YOUR OBJECTIVE >> What you write should match, word for word, the lines from the one containing "vidaXL Dārza ēdamgalds" through the end of the data, with no pictures.

COLLECTED MATERIAL >>
* * * * *
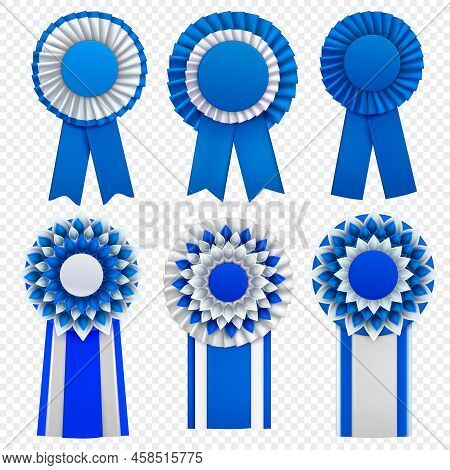 Blue Decorative Medal Awards Circulair Rosettes Badges Lapel Pins With Ribbons Realistic Set Transpa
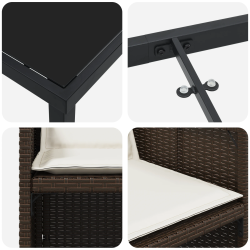 vidaXL Dārza ēdamgalds ar spilvenu 5 pcs Brūna poliratāns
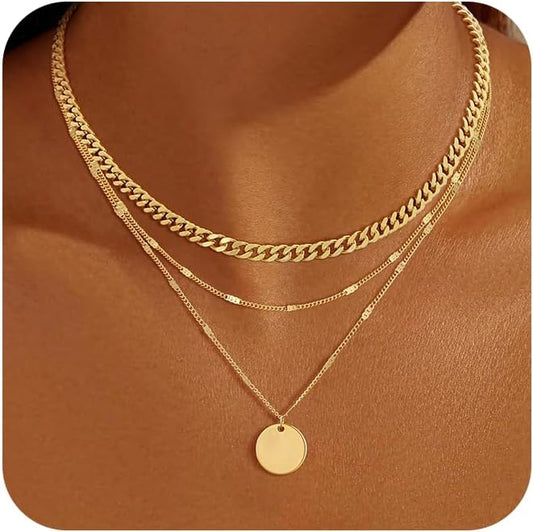 Gold Necklace for Women 14K Gold Plated Layered Necklaces Dainty Pendant Necklace Cute Stack Necklaces Set Fashion Jewelry Gift for Her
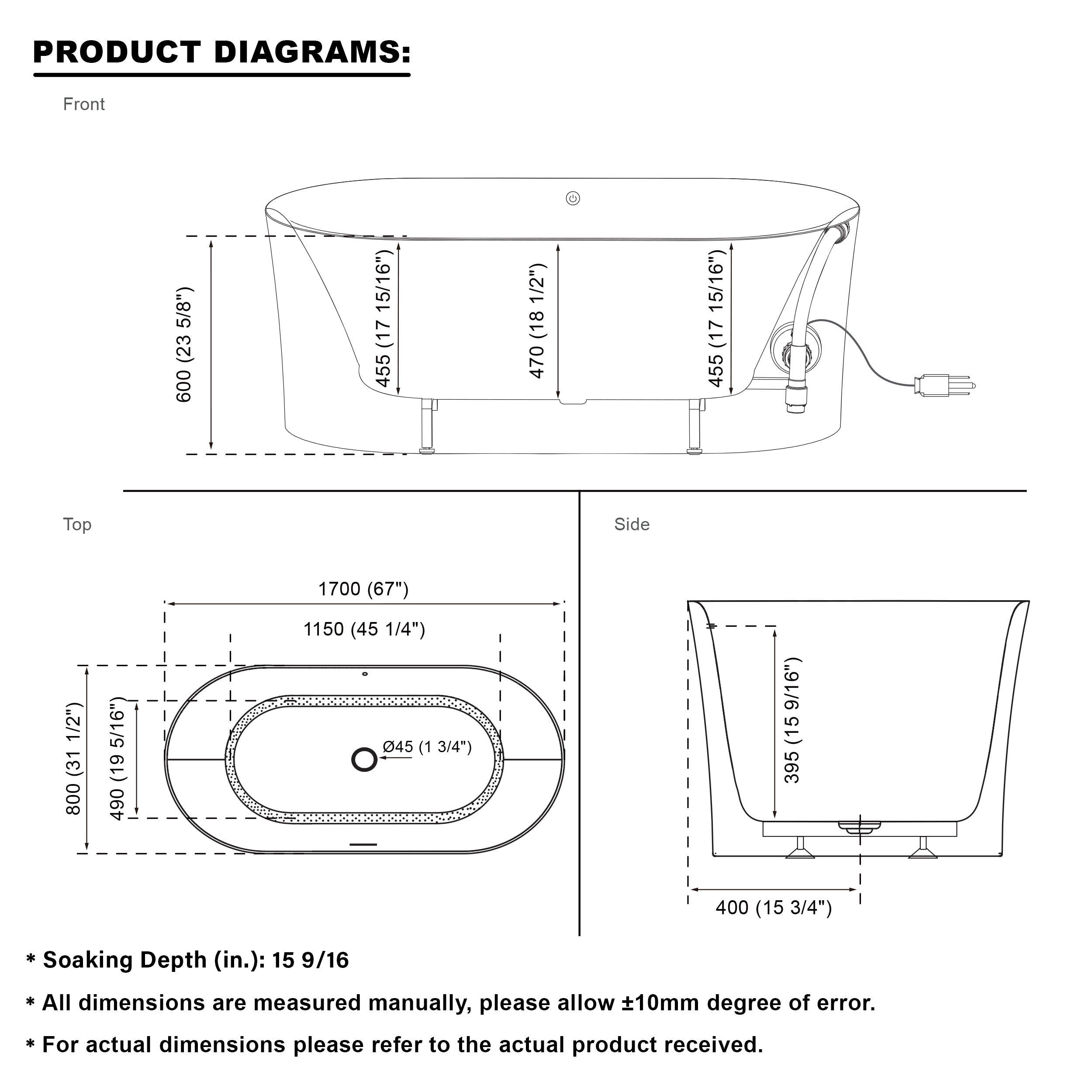 67" Luxury Acrylic Freestanding Soaking Bathtub in White with Air Bubble Massage and Romantic LED Lighting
* * * * *
EXERCISE RESPONSE >>
 vidaXL Dārza ēdamgalds ar spilvenu 5 pcs Brūna poliratāns
 Gold Necklace for Women 14K Gold Plated Layered Necklaces Dainty Pendant Necklace Cute Stack Necklaces Set Fashion Jewelry Gift for Her
 67" Luxury Acrylic Freestanding Soaking Bathtub in White with Air Bubble Massage and Romantic LED Lighting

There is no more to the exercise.